I have a very large GroupedDataFrame with Float32 columns but for some reason when I save them as arrow tables with something like
for df = gdf
Arrow.append("file path", df)
end
Some columns are converted to type Float32?. There are no missing or -0.0 values in any of the columns so I’m wondering if there’s anything else that might trigger this conversion? Thanks!

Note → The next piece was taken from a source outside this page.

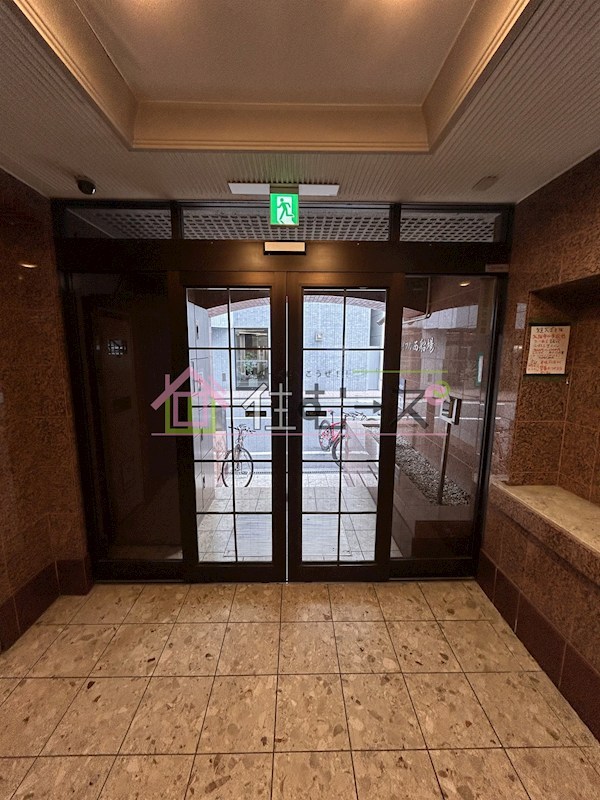 ジョイフル西船場 その他外観2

Thanks for this helpful insight! Sorry I thought I couldn’t reproduce the error in smaller examples maybe due to the large size of the actual file. It seems though that creating new columns by looping through a GroupedDataFrame creates columns of Type? even when the inputs and outputs are all of uniform type.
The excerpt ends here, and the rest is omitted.